I was re-watching Mohamed Tohami’s interview with Colleen Madsen of 365 Less Things, part of a series called The Lazy Person’s Guide to Decluttering. One of the issues they discussed was how to get rid of certain kinds of items, like things that bring back happy memories, gifts from loved ones and items that were very expensive. And this made me think a little about my ongoing declutter journey.
And I was thinking that in metaphorical terms, my life is like a river flowing from birth to death (I’m staying away from what happens next for the time being). As my river flows forward, I pick up twigs and rocks and carry them with me for a way before casting them off in another direction. Sometimes an insect skirts across my surface and sometimes I suck them to the bottom never to be seen again. Now and again, there are immense storms that turn me all around and muddy my surface or that freeze me solid. Occasionally a tree or boulder falls across me and restricts my flow, hopefully not to the point I get stagnant… As you can see there is a lot going on in the river.

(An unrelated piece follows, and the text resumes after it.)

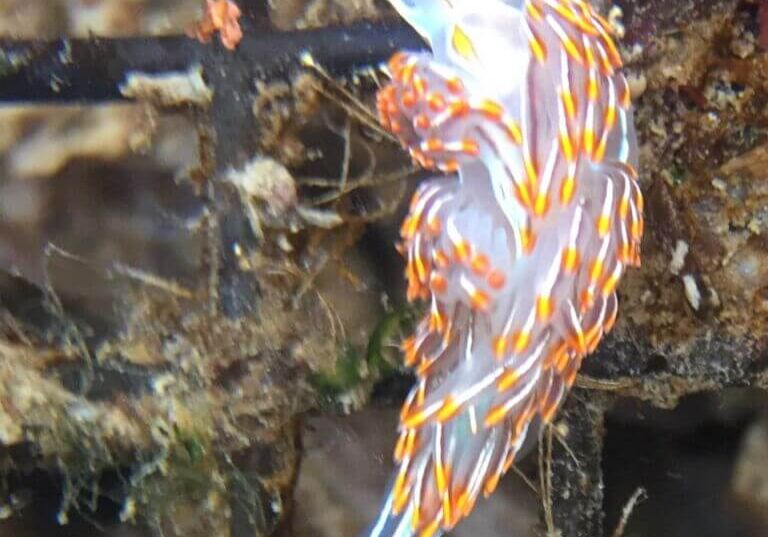 Winner-Margo-Reveil-August-2019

I think this is actually quite a good way to describe a life:
- the twigs and rocks are people and things that we keep for a while before letting them go: the friends we make at school that we let go when we go to university, our colleagues from one workplace when we move onto the next. If we are determined, our fat clothes when we slim down, or maybe our VHS cassettes or Tom Clancy novels.

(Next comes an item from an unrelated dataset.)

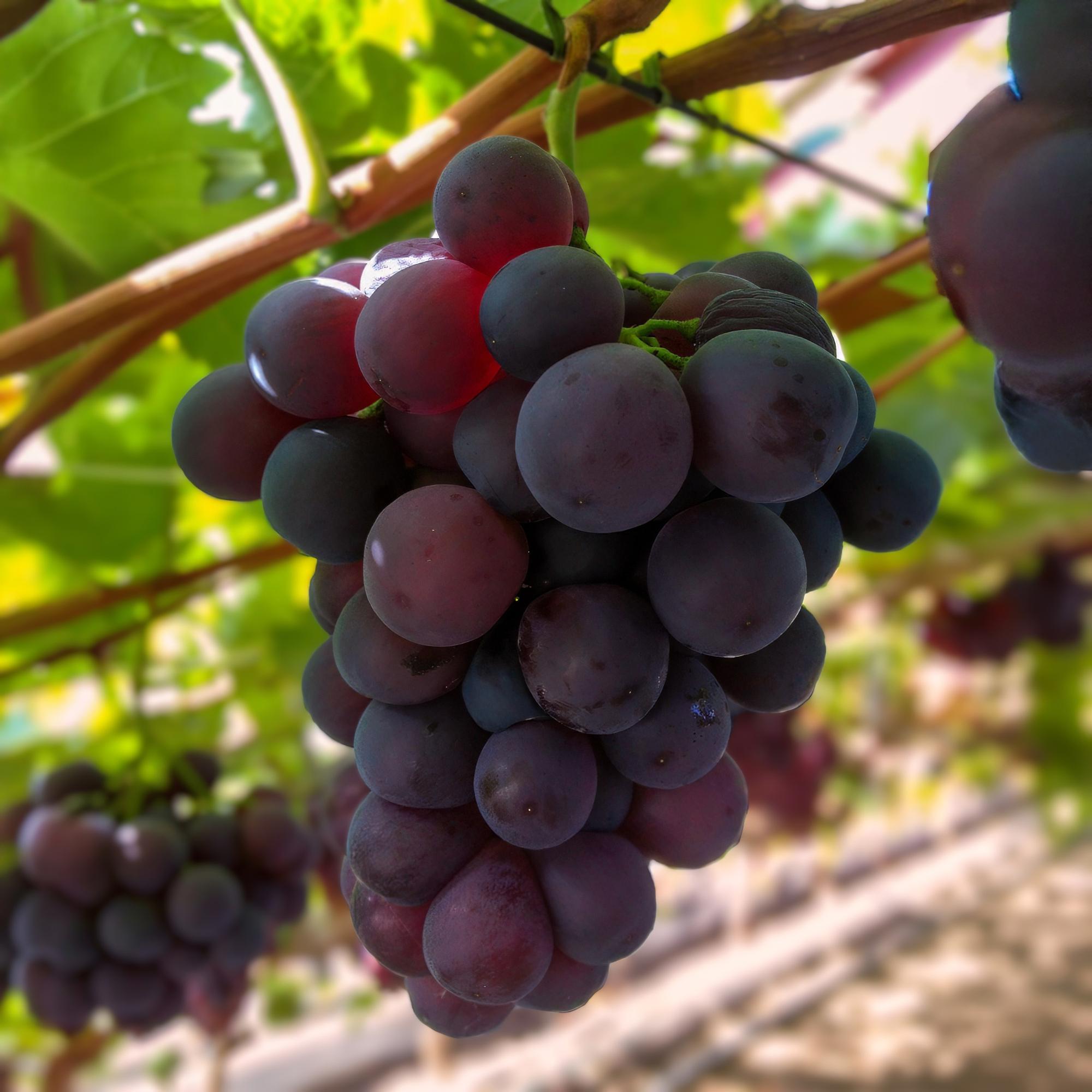 Weinrebe – Vitis vinifera Himrod – Kernlose Trauben – 2 Pflanzen – Obstpflanze – 15cm – Höhe 50cm – Plant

- our insects are the people and things that don’t have an ongoing place in our life: the dishwasher repair technician, the nice boy who gives up his seat on the train, the soup tureen for one (has to be the most ridiculous gift I have ever received).
- the storms are of course the big stuff: getting married, getting sick, having children, nursing dying relatives, getting a transplant. These are the sort of events that you come out the other side a different, and hopefully better person.
- the obstructions are the things Mohamed and Colleen were discussing.
- disposing of happy memory items is not a problem for me – not because I don’t have them, but because I record happy memories in my journal and stick photos and tickets and other memory joggers in there too. I know Colleen doesn’t necessarily agree with this approach, but I enjoy sitting in the peace of my garden in the early morning with a hot drink recording the memories as well. But then again, if those things really make YOU happy, then take them out of the box, give them a good clean and put them on display as highly treasured items to be enjoyed every day.
- I confess to having received and stored some really appalling gifts in my time, but they didn’t make me happy and every time I looked at them I felt sad and guilty and as if I had snakes slithering around in my belly. A very unpleasant feeling I really don’t want in my life. I got to the point that I had stored so many gifts I didn’t have room for the things I did want (and I am not fond of storing things in attics) so I had a temper tantrum and donated them all to charity. And I immediately felt better. And one day when I asked about a particularly ugly vase, they said an elderly lady had been delighted to find it.
- and as for expensive things… I make mistakes all the time – bad haircuts, clothing choices, my first husband (who is a lovely man by the way – just not the one for me). If I can let those things go there is no reason why I can’t let expensive purchases go too. Perhaps there is a young couple desperate for a deep fryer. Or someone looking for an 80s outfit for a theme party. Or someone who broke the exact same ugly vase in their grandmother’s house and needs a replacement.
All in all, my river flows freely. I am finding it easier to spin items off in new directions as time goes by – I am even gradually disposing of my less loved books. I have come to appreciate the peace and beauty of absence, and I find that this inspires me onwards.
And in closing, if you don’t want to use or fully admire your belongings, at least, make the time to clean and maintain them properly regardless of what memories they evoke, or who gave it to you, or how much it cost. If you don’t want to do that, why do you want to keep it at all?
Do you keep things you don’t want? What would it take to make you give things up?